• _TASK DIRECTIONS_
Can you print every record below exactly as written?
--*--
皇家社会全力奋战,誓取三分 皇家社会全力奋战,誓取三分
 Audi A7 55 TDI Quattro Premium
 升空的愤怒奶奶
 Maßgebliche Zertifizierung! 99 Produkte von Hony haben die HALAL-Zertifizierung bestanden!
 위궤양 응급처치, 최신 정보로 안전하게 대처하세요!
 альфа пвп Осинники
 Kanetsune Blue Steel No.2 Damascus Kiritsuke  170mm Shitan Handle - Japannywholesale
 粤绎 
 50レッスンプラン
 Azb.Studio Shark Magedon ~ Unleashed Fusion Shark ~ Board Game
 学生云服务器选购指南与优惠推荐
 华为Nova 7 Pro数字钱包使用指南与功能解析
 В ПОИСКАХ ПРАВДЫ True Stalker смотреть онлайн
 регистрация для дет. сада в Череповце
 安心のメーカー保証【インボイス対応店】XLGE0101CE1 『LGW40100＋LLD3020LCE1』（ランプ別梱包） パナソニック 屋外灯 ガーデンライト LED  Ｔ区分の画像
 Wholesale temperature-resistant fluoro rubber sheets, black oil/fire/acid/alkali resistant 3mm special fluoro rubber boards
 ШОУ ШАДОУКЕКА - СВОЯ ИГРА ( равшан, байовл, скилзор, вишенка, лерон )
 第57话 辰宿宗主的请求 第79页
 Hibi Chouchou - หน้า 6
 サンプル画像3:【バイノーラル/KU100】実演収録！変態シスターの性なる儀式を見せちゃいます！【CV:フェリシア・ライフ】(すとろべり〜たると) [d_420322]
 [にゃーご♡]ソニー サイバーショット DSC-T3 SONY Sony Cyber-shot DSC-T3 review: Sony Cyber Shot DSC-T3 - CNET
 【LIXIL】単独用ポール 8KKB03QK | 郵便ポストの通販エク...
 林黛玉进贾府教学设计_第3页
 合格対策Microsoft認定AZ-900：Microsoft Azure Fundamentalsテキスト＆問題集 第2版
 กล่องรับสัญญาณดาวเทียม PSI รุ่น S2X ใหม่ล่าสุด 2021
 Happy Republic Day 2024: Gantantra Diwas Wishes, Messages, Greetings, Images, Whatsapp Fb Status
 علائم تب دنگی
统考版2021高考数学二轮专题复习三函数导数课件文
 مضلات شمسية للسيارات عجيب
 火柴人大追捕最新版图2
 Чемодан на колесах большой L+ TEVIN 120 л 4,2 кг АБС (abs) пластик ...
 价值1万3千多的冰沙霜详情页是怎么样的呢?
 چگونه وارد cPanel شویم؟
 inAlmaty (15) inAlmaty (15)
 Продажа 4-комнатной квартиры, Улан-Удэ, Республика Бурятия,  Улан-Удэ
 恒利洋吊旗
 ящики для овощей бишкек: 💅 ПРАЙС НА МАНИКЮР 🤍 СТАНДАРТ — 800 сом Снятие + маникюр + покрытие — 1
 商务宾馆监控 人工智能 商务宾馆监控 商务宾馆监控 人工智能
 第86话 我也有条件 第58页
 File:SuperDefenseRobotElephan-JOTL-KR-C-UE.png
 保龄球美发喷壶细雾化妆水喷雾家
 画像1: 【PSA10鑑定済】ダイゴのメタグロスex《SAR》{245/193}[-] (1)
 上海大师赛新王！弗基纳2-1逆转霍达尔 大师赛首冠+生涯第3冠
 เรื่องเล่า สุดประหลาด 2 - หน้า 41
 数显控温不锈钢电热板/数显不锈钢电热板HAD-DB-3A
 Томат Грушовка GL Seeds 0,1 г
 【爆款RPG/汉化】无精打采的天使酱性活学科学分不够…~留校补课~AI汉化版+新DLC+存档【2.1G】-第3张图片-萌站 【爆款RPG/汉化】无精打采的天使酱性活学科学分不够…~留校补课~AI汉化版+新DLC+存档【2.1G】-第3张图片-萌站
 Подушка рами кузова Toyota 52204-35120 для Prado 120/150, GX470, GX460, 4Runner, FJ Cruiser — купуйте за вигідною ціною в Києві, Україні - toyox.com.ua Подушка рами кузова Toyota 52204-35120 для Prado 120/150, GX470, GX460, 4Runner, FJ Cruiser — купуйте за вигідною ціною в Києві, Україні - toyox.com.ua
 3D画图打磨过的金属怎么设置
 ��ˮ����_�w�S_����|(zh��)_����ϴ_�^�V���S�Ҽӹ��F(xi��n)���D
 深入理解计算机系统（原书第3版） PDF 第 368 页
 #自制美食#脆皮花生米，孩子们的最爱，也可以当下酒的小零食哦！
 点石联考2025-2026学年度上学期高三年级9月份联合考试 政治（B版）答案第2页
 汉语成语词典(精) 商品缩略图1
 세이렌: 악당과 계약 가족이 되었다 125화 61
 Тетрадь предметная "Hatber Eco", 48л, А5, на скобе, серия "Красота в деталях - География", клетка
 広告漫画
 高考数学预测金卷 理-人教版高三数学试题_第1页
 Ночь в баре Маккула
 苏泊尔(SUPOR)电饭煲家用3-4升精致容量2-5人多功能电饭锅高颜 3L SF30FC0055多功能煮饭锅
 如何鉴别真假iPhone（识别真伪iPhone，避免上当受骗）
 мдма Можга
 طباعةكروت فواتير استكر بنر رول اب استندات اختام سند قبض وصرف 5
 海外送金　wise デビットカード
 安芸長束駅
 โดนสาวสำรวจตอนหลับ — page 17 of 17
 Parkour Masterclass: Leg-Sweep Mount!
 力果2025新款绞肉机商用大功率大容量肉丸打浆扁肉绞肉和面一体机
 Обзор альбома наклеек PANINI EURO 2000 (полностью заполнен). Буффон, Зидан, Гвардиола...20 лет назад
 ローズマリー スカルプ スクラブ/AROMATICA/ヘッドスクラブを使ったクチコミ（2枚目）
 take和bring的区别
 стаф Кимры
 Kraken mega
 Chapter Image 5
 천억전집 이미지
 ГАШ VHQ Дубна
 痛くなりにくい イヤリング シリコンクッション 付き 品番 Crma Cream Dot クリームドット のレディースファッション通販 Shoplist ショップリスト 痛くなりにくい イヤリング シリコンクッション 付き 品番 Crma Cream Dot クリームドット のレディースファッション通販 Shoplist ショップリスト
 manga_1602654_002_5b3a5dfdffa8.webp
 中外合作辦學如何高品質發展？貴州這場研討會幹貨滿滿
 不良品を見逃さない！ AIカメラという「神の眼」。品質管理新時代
--*--
• _RESPONSE AREA_
皇家社会全力奋战,誓取三分 皇家社会全力奋战,誓取三分
 Audi A7 55 TDI Quattro Premium
 升空的愤怒奶奶
 Maßgebliche Zertifizierung! 99 Produkte von Hony haben die HALAL-Zertifizierung bestanden!
 위궤양 응급처치, 최신 정보로 안전하게 대처하세요!
 альфа пвп Осинники
 Kanetsune Blue Steel No.2 Damascus Kiritsuke  170mm Shitan Handle - Japannywholesale
 粤绎 
 50レッスンプラン
 Azb.Studio Shark Magedon ~ Unleashed Fusion Shark ~ Board Game
 学生云服务器选购指南与优惠推荐
 华为Nova 7 Pro数字钱包使用指南与功能解析
 В ПОИСКАХ ПРАВДЫ True Stalker смотреть онлайн
 регистрация для дет. сада в Череповце
 安心のメーカー保証【インボイス対応店】XLGE0101CE1 『LGW40100＋LLD3020LCE1』（ランプ別梱包） パナソニック 屋外灯 ガーデンライト LED  Ｔ区分の画像
 Wholesale temperature-resistant fluoro rubber sheets, black oil/fire/acid/alkali resistant 3mm special fluoro rubber boards
 ШОУ ШАДОУКЕКА - СВОЯ ИГРА ( равшан, байовл, скилзор, вишенка, лерон )
 第57话 辰宿宗主的请求 第79页
 Hibi Chouchou - หน้า 6
 サンプル画像3:【バイノーラル/KU100】実演収録！変態シスターの性なる儀式を見せちゃいます！【CV:フェリシア・ライフ】(すとろべり〜たると) [d_420322]
 [にゃーご♡]ソニー サイバーショット DSC-T3 SONY Sony Cyber-shot DSC-T3 review: Sony Cyber Shot DSC-T3 - CNET
 【LIXIL】単独用ポール 8KKB03QK | 郵便ポストの通販エク...
 林黛玉进贾府教学设计_第3页
 合格対策Microsoft認定AZ-900：Microsoft Azure Fundamentalsテキスト＆問題集 第2版
 กล่องรับสัญญาณดาวเทียม PSI รุ่น S2X ใหม่ล่าสุด 2021
 Happy Republic Day 2024: Gantantra Diwas Wishes, Messages, Greetings, Images, Whatsapp Fb Status
 علائم تب دنگی
统考版2021高考数学二轮专题复习三函数导数课件文
 مضلات شمسية للسيارات عجيب
 火柴人大追捕最新版图2
 Чемодан на колесах большой L+ TEVIN 120 л 4,2 кг АБС (abs) пластик ...
 价值1万3千多的冰沙霜详情页是怎么样的呢?
 چگونه وارد cPanel شویم؟
 inAlmaty (15) inAlmaty (15)
 Продажа 4-комнатной квартиры, Улан-Удэ, Республика Бурятия,  Улан-Удэ
 恒利洋吊旗
 ящики для овощей бишкек: 💅 ПРАЙС НА МАНИКЮР 🤍 СТАНДАРТ — 800 сом Снятие + маникюр + покрытие — 1
 商务宾馆监控 人工智能 商务宾馆监控 商务宾馆监控 人工智能
 第86话 我也有条件 第58页
 File:SuperDefenseRobotElephan-JOTL-KR-C-UE.png
 保龄球美发喷壶细雾化妆水喷雾家
 画像1: 【PSA10鑑定済】ダイゴのメタグロスex《SAR》{245/193}[-] (1)
 上海大师赛新王！弗基纳2-1逆转霍达尔 大师赛首冠+生涯第3冠
 เรื่องเล่า สุดประหลาด 2 - หน้า 41
 数显控温不锈钢电热板/数显不锈钢电热板HAD-DB-3A
 Томат Грушовка GL Seeds 0,1 г
 【爆款RPG/汉化】无精打采的天使酱性活学科学分不够…~留校补课~AI汉化版+新DLC+存档【2.1G】-第3张图片-萌站 【爆款RPG/汉化】无精打采的天使酱性活学科学分不够…~留校补课~AI汉化版+新DLC+存档【2.1G】-第3张图片-萌站
 Подушка рами кузова Toyota 52204-35120 для Prado 120/150, GX470, GX460, 4Runner, FJ Cruiser — купуйте за вигідною ціною в Києві, Україні - toyox.com.ua Подушка рами кузова Toyota 52204-35120 для Prado 120/150, GX470, GX460, 4Runner, FJ Cruiser — купуйте за вигідною ціною в Києві, Україні - toyox.com.ua
 3D画图打磨过的金属怎么设置
 ��ˮ����_�w�S_����|(zh��)_����ϴ_�^�V���S�Ҽӹ��F(xi��n)���D
 深入理解计算机系统（原书第3版） PDF 第 368 页
 #自制美食#脆皮花生米，孩子们的最爱，也可以当下酒的小零食哦！
 点石联考2025-2026学年度上学期高三年级9月份联合考试 政治（B版）答案第2页
 汉语成语词典(精) 商品缩略图1
 세이렌: 악당과 계약 가족이 되었다 125화 61
 Тетрадь предметная "Hatber Eco", 48л, А5, на скобе, серия "Красота в деталях - География", клетка
 広告漫画
 高考数学预测金卷 理-人教版高三数学试题_第1页
 Ночь в баре Маккула
 苏泊尔(SUPOR)电饭煲家用3-4升精致容量2-5人多功能电饭锅高颜 3L SF30FC0055多功能煮饭锅
 如何鉴别真假iPhone（识别真伪iPhone，避免上当受骗）
 мдма Можга
 طباعةكروت فواتير استكر بنر رول اب استندات اختام سند قبض وصرف 5
 海外送金　wise デビットカード
 安芸長束駅
 โดนสาวสำรวจตอนหลับ — page 17 of 17
 Parkour Masterclass: Leg-Sweep Mount!
 力果2025新款绞肉机商用大功率大容量肉丸打浆扁肉绞肉和面一体机
 Обзор альбома наклеек PANINI EURO 2000 (полностью заполнен). Буффон, Зидан, Гвардиола...20 лет назад
 ローズマリー スカルプ スクラブ/AROMATICA/ヘッドスクラブを使ったクチコミ（2枚目）
 take和bring的区别
 стаф Кимры
 Kraken mega
 Chapter Image 5
 천억전집 이미지
 ГАШ VHQ Дубна
 痛くなりにくい イヤリング シリコンクッション 付き 品番 Crma Cream Dot クリームドット のレディースファッション通販 Shoplist ショップリスト 痛くなりにくい イヤリング シリコンクッション 付き 品番 Crma Cream Dot クリームドット のレディースファッション通販 Shoplist ショップリスト
 manga_1602654_002_5b3a5dfdffa8.webp
 中外合作辦學如何高品質發展？貴州這場研討會幹貨滿滿
 不良品を見逃さない！ AIカメラという「神の眼」。品質管理新時代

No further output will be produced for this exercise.